Son debitore di risposta a due di V.S. La seconda è delli 5 luglio, portata dall’ultimo corriere. Quella delli 23 giugno, ch’è la prima, non venne in tempo che li potessi rispondere per lo spaccio passato, perchè il piego del signor ambasciatore non fa portato dall’ordinario, ma da un altro, che arrivò quattro dì dopo.

Io veggo dalla suddetta delli 23, che V.S. è in qualche suspicione che alcuna delle nostre lettere sia andata in sinistro, e in particolare ha pensiero sopra quelle del mese di maggio. Non posso rammentarmi li tempi particolari; ma ben pensate le circostanze di quelle ch’io ho scritto a lei ed Ella a me, vado concludendo che tutte siano capitate bene. Passano sempre 45 giorni innanzi che da Parigi si abbia una risposta; e innanzi che venga da V.S. a mio conto, appresso 60. Non è meraviglia se in così lungo tempo possi apparire che la risposta dovesse venir prima.

Io so d’essere stato qualche volta senza scriverli, riputando ch’ella fosse indisposta o assente, quando non ricevevo sue lettere: però sempre ho tralasciato lo scrivere con dispiacere, essendomi gratissima la communicazione con V.S., dalla quale ricevo sincera e soda cognizione delle cose che passano; le quali, per la congiunzione che hanno con le nostre, mi è grandissimo giovamento l’averne real certezza. Oltre ch’è grandissimo il gusto che ricevo dal parlare con esso lei per questo mezzo, poichè non posso presenzialmente; e per tanto, sto molto in pena di quel che potremo fare dopo la partita del signor Foscarini. Nel viaggio di Torino a qui, le lettere sarebbero molto sicure per mezzo di quell’ambasciatore. Il punto sta come assicurarle sino a quella città, e da quella sino a V.S. Quel signore2 è molto desideroso di aver particolare communicazione con Lei, avendo concepito gran stima del suo valore per qualche discorso delli suoi che io li ho comunicato; ed è degno, per le sue rare virtù, di esser amato da V.S. Le dirò in una sola parola, ch’egli è delle più tranquille anime che abbia non solo Venezia, ma forse Italia; prudentissimo nel maneggio degli affari suoi, alieni e pubblici, ma insieme sincero, reale amico e di piacevolissima natura: cose che appresso di noi si vedono poche volte congiunte. Son sicuro che, se piacerà a V.S. far risposta alla sua lettera, lo riceverà per gran favore; e volendo scriverli qualche cosa in confidenza, potrà usar la mia cifra, che a questo effetto le sarà comunicata. Il suo nome è Gregorio Barbarigo, ambasciatore veneto appresso l’Altezza di Savoia.

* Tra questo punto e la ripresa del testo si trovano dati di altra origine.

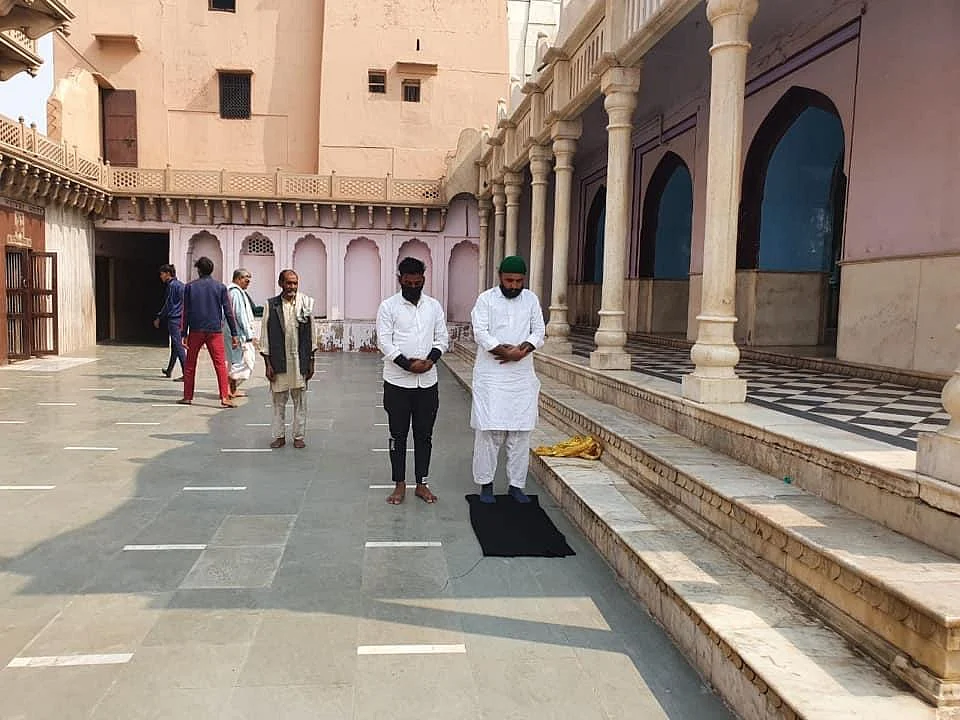 In this image, one can see the priest from the previous picture, who is wearing the glasses, in the background.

Credo che già avrà inteso come il signor Foscarini è stato eletto per ambasciatore al re della Gran Brettagna; per il che, da Parigi passerà in quell’isola. Il pacchetto che V.S. ha dato a lui, potrà ordinare che sia dato al signor Agostino Dolce, che verrà segretario con li ambasciatori straordinari, e sarà di ritorno con loro.

Il libro De modo agendi è stato portato da quel signore che fu ultimamente in Inghilterra: non è però compito. Non so se sia perchè l’autore non sia passato tanto innanzi, o perchè abbia voluto riservare qualche cosa per sè: ma è scrittura molto bella. Andando il signor Foscarini là, avrò occasione di avere ancora quella parte che manca, o di sapere perchè manca.

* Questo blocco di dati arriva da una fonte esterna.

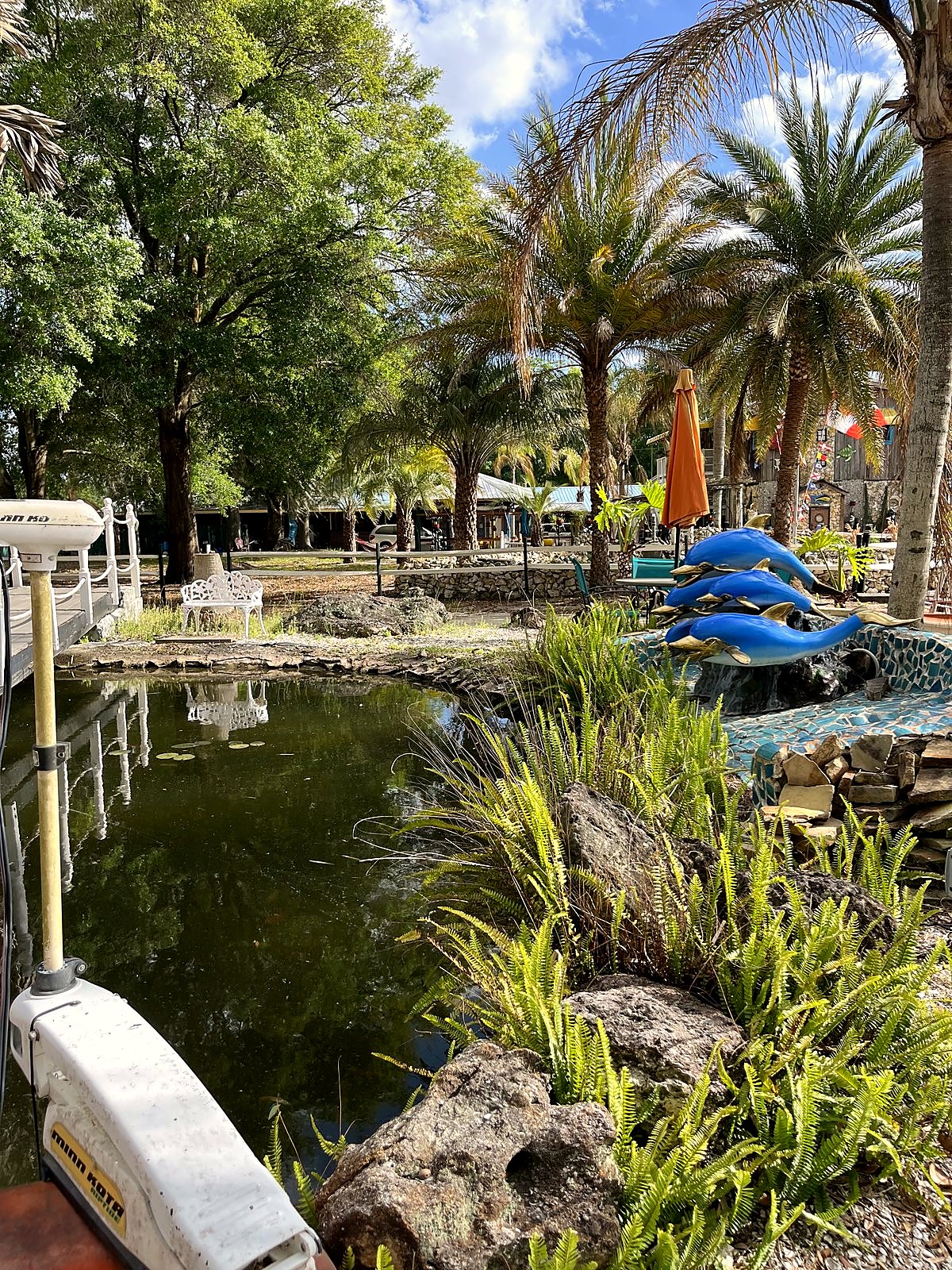 Twin ponds with fountains and lily pads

Mi sono tutto turbato intendendo da quelle di V.S., ch’Ella abbia patito dolori nefritici; infermità molto grave in ogni sorta di persone, ma più in quelle che vivono più ad altri che a sè stessi. Lodo molto il consiglio preso di rimediarvi con celerità; e il rimedio delle acque, le quali V, S. prenderà appunto nel più opportuno tempo dell’anno, che sarà il gran caldo: e con figurandomi che adesso Ella sia su ’l principiare, mi conforto di speranza che ricupererà la sanità sua intieramente, e ne pregherò Dio con assiduità.

La obbedirò in non rimettere cosa alcuna al signor Castrino per scriverli; e credo che quando è restato di questo offeso, non l’abbia fatto per altro, che per esser forse le cose già volgari in codesti paesi.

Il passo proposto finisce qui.